The Exact Canje Process: What to Say and Do at the Airport and INM (2026)

The canje is the most time-sensitive step in the entire Mexico residency process. You have exactly 30 days from your airport entry stamp to complete it at INM. No exceptions. No extensions without significant bureaucratic pain and potential restart of the consular process. This guide covers the exact procedure, step by step, with what to say at the airport and what to bring to INM.

What the Canje Is and Why It Has to Happen in 30 Days

The canje (Spanish for 'exchange') is the exchange of your Mexico visa sticker — issued by a Mexican consulate in your home country — for the physical Tarjeta de Residente, the laminated card that is your official Mexican ID as a legal resident. The visa sticker in your passport authorizes your entry to Mexico to change status. The Tarjeta de Residente is the actual documentation of your residence. Without it, you cannot get your RFC, open a bank account, enroll in IMSS, or complete most official processes. The 30-day window begins at the moment your passport is stamped at the airport — not when you first feel ready to deal with bureaucracy.

Before You Fly: Book Your INM Appointment

This is not optional. Book your INM appointment before you fly. INM offices in Guanajuato, Queretaro, Merida, Oaxaca, CDMX, and Puerto Vallarta routinely book 2–4 weeks out. A 3-week appointment wait after landing is manageable within the 30-day window. Discovering a 5-week wait after you land is a crisis. Book at citas.inm.gob.mx. Screenshot and print your confirmation — the INM website is occasionally slow.

At the Airport: What to Say and Do

When you arrive at Mexican immigration, you have a visa sticker in your passport. Have your passport open to the visa sticker page before approaching the counter. Tell the immigration officer:

'Buenos dias. Vengo a hacer mi canje de residencia — tengo visa de residente temporal.' (Good morning. I'm here to complete my residency exchange — I have a temporary resident visa.)

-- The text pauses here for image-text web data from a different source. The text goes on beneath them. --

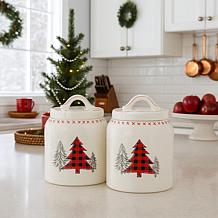 10 Strawberry Street Stitched Tree Christmas Canister, Set of 2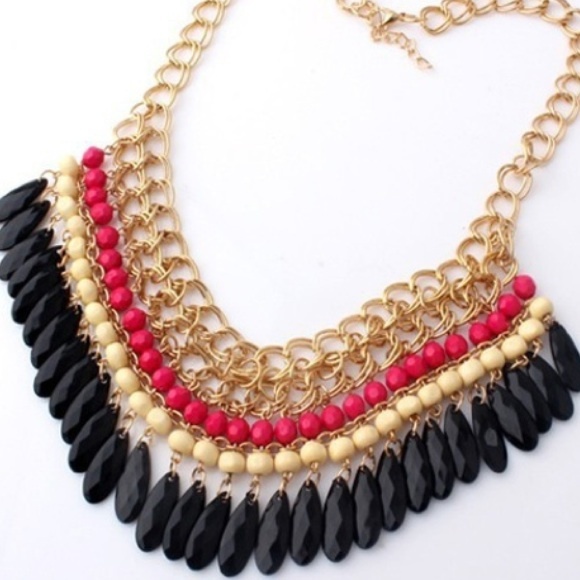 New very beautiful vintage necklace pink and black - Picture 2 of 2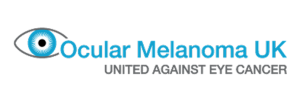 An image of an eye next to the text ocular melanoma uk, united against eye cancer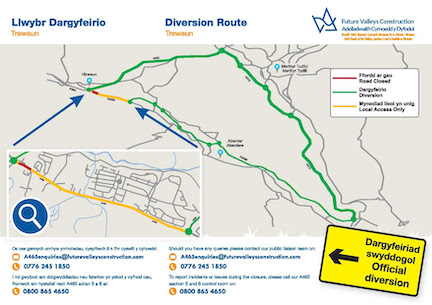 Traffic Management Information: Temporary road closure A4059 Hirwaun Road at Trewaun.  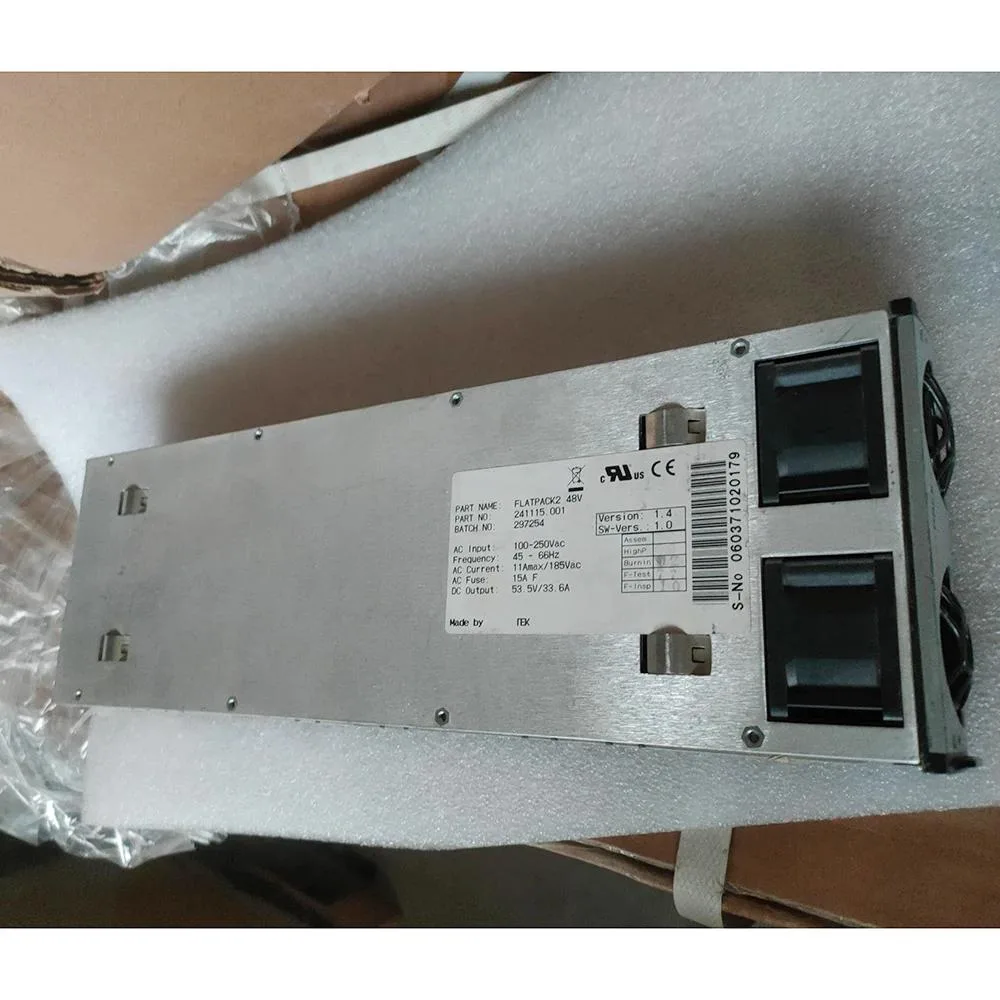 Rectangular silver ATX power supply unit with ventilation grille and label showing 48V 1800W 241115.001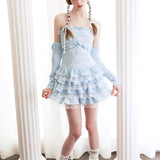 KiraYura • Ballet Blue Lace Ruffle Dress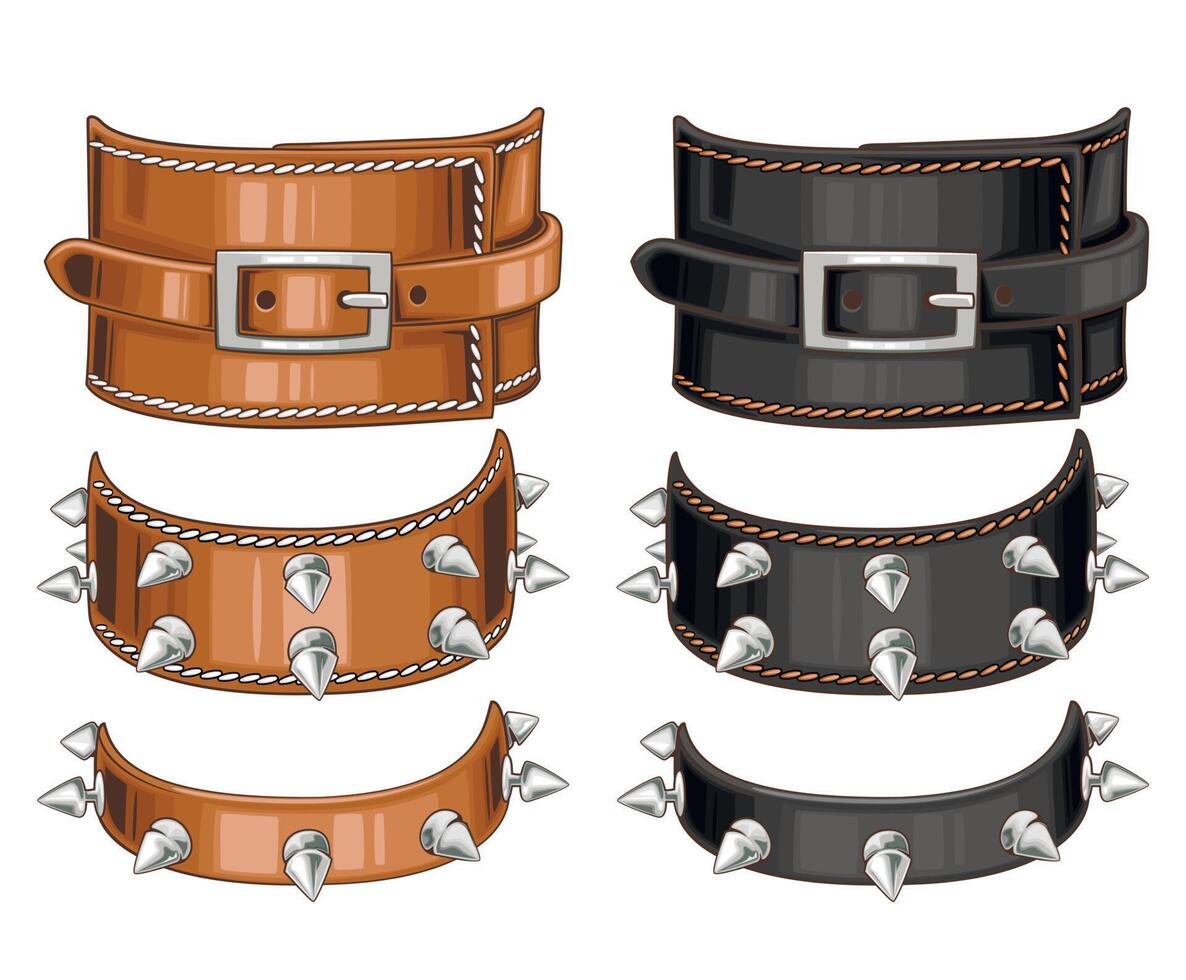 Leather bracelet illustration isolated on white background. Fashion Blog Design Concept vector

The officer should: verify the visa sticker, mark your status as 'Residente Temporal' (or Permanente) in your entry records, and give you an FMMd form — the Forma Migratoria Multiple de documentacion, a small paper form. This FMMd is required for your INM appointment. Keep it safe.

If the Officer Tries to Give You a Tourist Stamp

This occasionally happens — officers miss the visa sticker or process you as a tourist by default. Don't panic. Politely but clearly show them the visa sticker and say: 'Tengo visa de residente — no soy turista. Necesito el FMMd para mi canje.' If you get a tourist stamp and realize it immediately: return to the immigration counter before leaving the airport. If you discover it later: visit your local INM office with your passport and explain — they can correct the record, but it requires an additional step and some time.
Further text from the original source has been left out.